Agreed, I meant that more about what my comments were going to be.

>Regards 'false positives' - of which there will always be if only statistics is deployed - you have to look at the penalty - do it twice and you are kicked off a website. I would say this is reasonable commercial usage if persons are not named.
Chirila corrected Kramnik when he was wrong on the name and shame aspect of cheat deterrence, because he perhaps hadn't been briefed that Wench was going to announce about hiring strong legal representation for cases when him falsely accusing innocent people is illegal.

>Whether such usage is being executed correctly is basically a matter of trust in the website.
When people are power hungry to the extent they disregard their conscience and ethics, they argue against how a typical person would address a problem. For example, if there is some concern, it wouldn't be too tough to arrange a local club member or official to be present in person for the next tournament, for the 6 or so more high performance differential players. This would have a positive impact. There are hundreds of ways of dealing with player paranoia ethically, but there are only a few which maximise Wench's personal power or money, which is why they are never spoken about. Wrench is trying to influence, through a series of framed arguments around specific topics in a specific order, blocking typical rational points that would lead to a more positive response, that which does not bring him power: he wants to be immune to societal scrutiny when falsely accusing and then condemning innocent people.

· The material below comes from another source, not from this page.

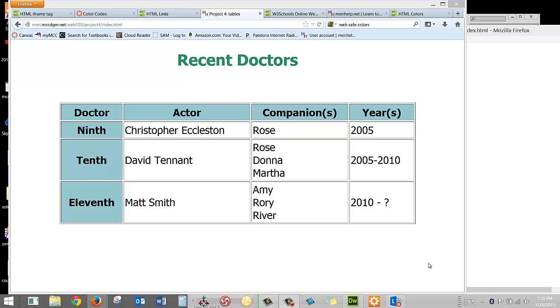In Project 4, we're going to work with creating and doing some very basic formatting of tables. As you can tell, I am a bit of a geek and I'm a huge Doctor Who fan.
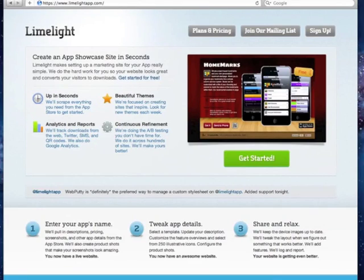Hi, my name is Andrew Culver, and I'd like to show you Limelight. It's a service we've created that makes it really easy for app developers to create a beautiful and functional website for their apps.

I am surprised that Wench and all beasts are doing this to the chess community, as I would have thought that most people playing chess had higher than average intelligence, and this is the kind of method the unscrupulous would use against ignorant people. I have seen the effects of bowing down to or playing along with these kinds of people. I don't use chess.corn, he hasn't won, Wench 's evil has no effect on me. It's really down to GMs, IMs, NMs, CMs etc, if they don't take issue with it, they will be the innocent ones falsely accused, not me! So either they try get their tongue further up Wench's agenda to make sure they get the exception offered to chess.corn promoters (who incidentally play what would be considered suspiciously well above their FIDE ratings online) or say something unbiased and honest about the methods Wrench is looking to exact upon them!

PS: did anyone notice Wench admit to releasing the emails he previously said were leaked (@33:33)?
Kramnik made some great points, and as usual, the math doesn't "lie".
I still can say the same thing I spoke about a few years ago and that's "forbid switching between tabs in priced events". If the opponent switches between tabs, the game auto-resolves in the opponent's favor. It won't solve 100% of cheating but it will greatly reduce and discourage it.